Order by recent downloads

Through the iterations of this RFC, there was no consensus around a way to order crates that would be useful, understandable, resistent to being gamed, and not require work of curators, reviewers, or moderators. Furthermore, different people in different situations may value different aspects of crates.

Instead of attempting to order crates as a majority of people would rank them, we propose a coarser measure to expose the set of crates worthy of further consideration on the first page of a category or keyword. At that point, the person looking for a crate can use other indicators on the page to decide which crates best meet their needs.

The default ordering of crates within a keyword or category will be changed to be the number of downloads in the last 90 days.

While coarse, downloads show how many people or other crates have found this crate to be worthy of using. By limiting to the last 90 days, crates that have been around the longest won't have an advantage over new crates that might be better. Crates that are lower in the "stack", such as libc, will always have a higher number of downloads than those higher in the stack due to the number of crates using a lower-level crate as a dependency. Within a category or keyword, however, crates are likely to be from the same level of the stack and thus their download numbers will be comparable.

Crates are currently ordered by all-time downloads and the sort option button says "Downloads". We will:

  • change the ordering to be downloads in the last 90 days
  • change the number of downloads displayed with each crate to be those made in the last 90 days
  • change the sort option button to say "Recent Downloads".

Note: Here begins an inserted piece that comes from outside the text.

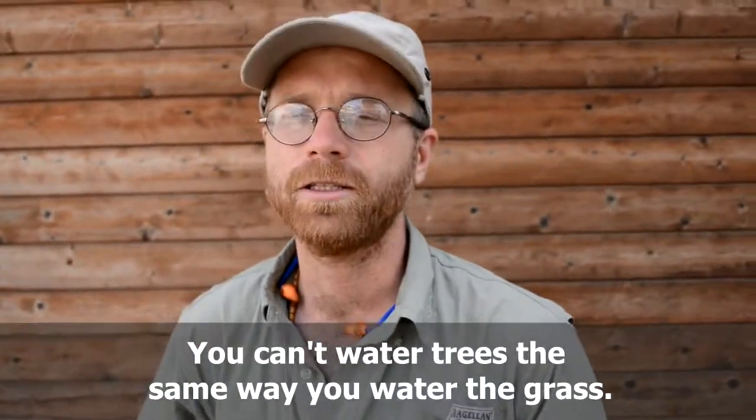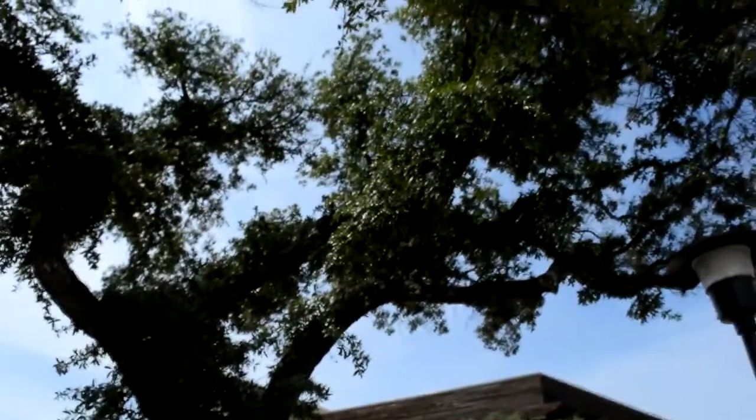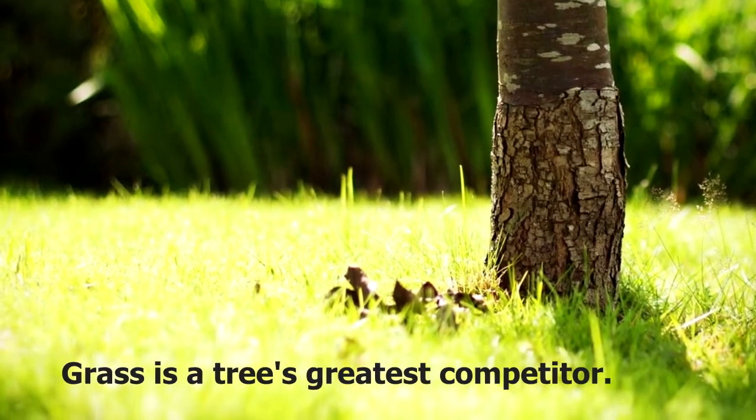Most people think that watering their trees is much like watering their grass, and it's actually very different. Watering your grass you're probably going to do 20 minutes, maybe three times a week or one time a week. The grass roots are very shallow, so it's able to absorb water quickly — and it's actually the tree's greatest competitor.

"All-time Downloads" could become another sort option in the menu, alongside "Alphabetical".

Add more badges, filters, and sorting options

Crates.io now has badges for master branch CI status, and will soon have a badge indicating the version(s) of Rust a particular version builds successfully on.

To enable a person to narrow down relevant crates to find the one that will best meet their needs, we will add more badges and indicators. Badges will not influence crate ordering.

Some badges may require use of third-party services such as GitHub. We recognize that not everyone uses these services, but note a specific badge is only one factor that people can consider out of many.

Through the survey we conducted, we found that when people evaluate crates, they are primarily looking for signals of:

  • Ease of use
  • Maintenance
  • Quality

Secondary signals that were used to infer the primary signals:

  • Popularity (covered by the default ordering by recent downloads)
  • Credibility

Ease of use

By far, the most common attribute people said they considered in the survey was whether a crate had good documentation. Frequently mentioned when discussing documentation was the desire to quickly find an example of how to use the crate.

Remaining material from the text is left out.